Ironically, denying people’s faults denies a universal atonement. That is true as much for one person as another, no matter each person’s standing in life or esteem in our eyes. Our leaders and those we esteem highly are just as fully human as we are, although they might or might not have more or fewer faults than any regular person. They, just like we, are still incomplete, partial and only partly developed. We might not realize what we are doing when we put others on a pedestal and tell only about their virtues while ignoring their vices, but it does violence to the most amazing concept every taught when we do it.
Jason, this is wonderful stuff. Someday I hope a perceptive student of history will write something similar about you.
Jason you are quickly becoming in my mind at least one of the best, most insightful bloggers in the ‘nacle. More of this please.
Thanks, Steve and Mathew. You’re too kind.
They speak the truth, Jason.
Hope you don’t mind me posting the beautiful Latin and the accompanying translation. Also, I have quite an obsession for what I consider the pristine sound of boy/male choirs. Love that you posted one from Choir of King’s College.

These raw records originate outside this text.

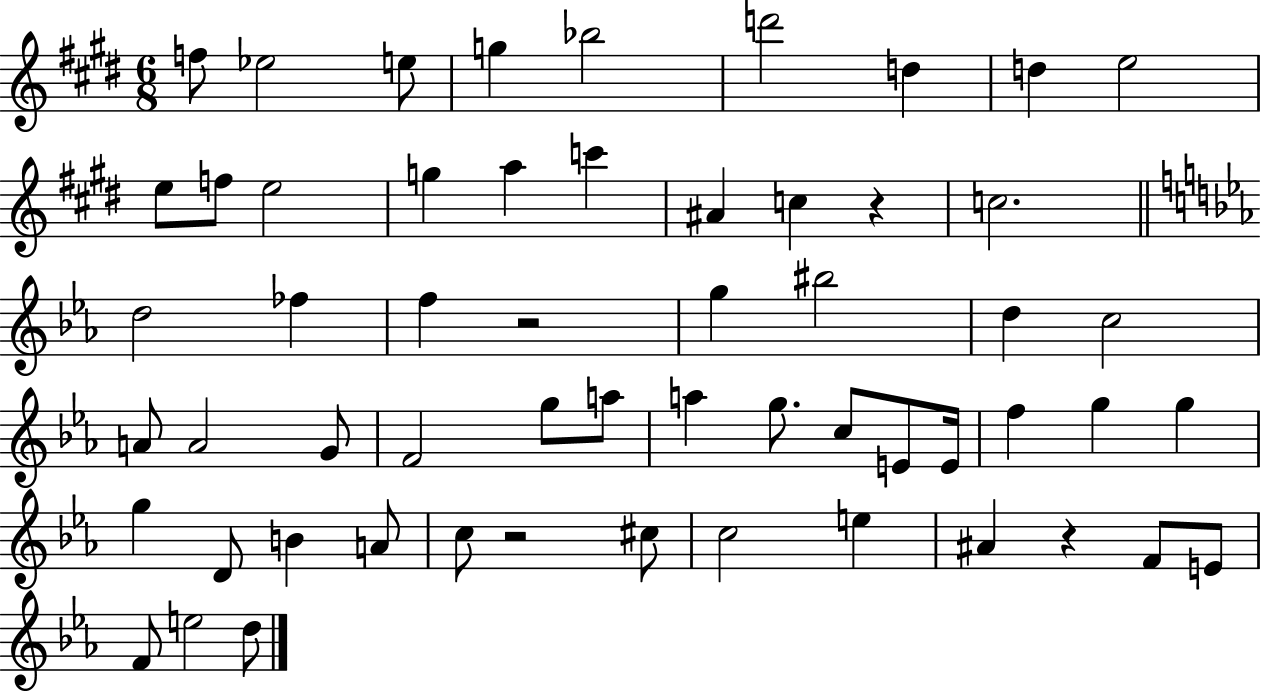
{
  \clef treble
  \numericTimeSignature
  \time 6/8
  \key e \major
  f''8 ees''2 e''8 | g''4 bes''2 | d'''2 d''4 | d''4 e''2 | \break e''8 f''8 e''2 | g''4 a''4 c'''4 | ais'4 c''4 r4 | c''2. | \break \bar "||" \break \key ees \major d''2 fes''4 | f''4 r2 | g''4 bis''2 | d''4 c''2 | \break a'8 a'2 g'8 | f'2 g''8 a''8 | a''4 g''8. c''8 e'8 e'16 | f''4 g''4 g''4 | \break g''4 d'8 b'4 a'8 | c''8 r2 cis''8 | c''2 e''4 | ais'4 r4 f'8 e'8 | \break f'8 e''2 d''8 | \bar "|."
}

Ubi caritas et amor, Deus ibi est.
Congregavit nos in unum Christi amor.
Exultemus, et in ipso iucundemur.
Timeamus, et amemus Deum vivum.
Et ex corde diligamus nos sincero.
Where charity and love are, God is there.
Christ’s love has gathered us into one.
Let us rejoice and be pleased in Him.
Let us fear, and let us love the living God.
And may we love each other with a sincere heart.
Amen.
I don’t mind in the least; thank you! And you’ll find plenty of love for boy choirs around here!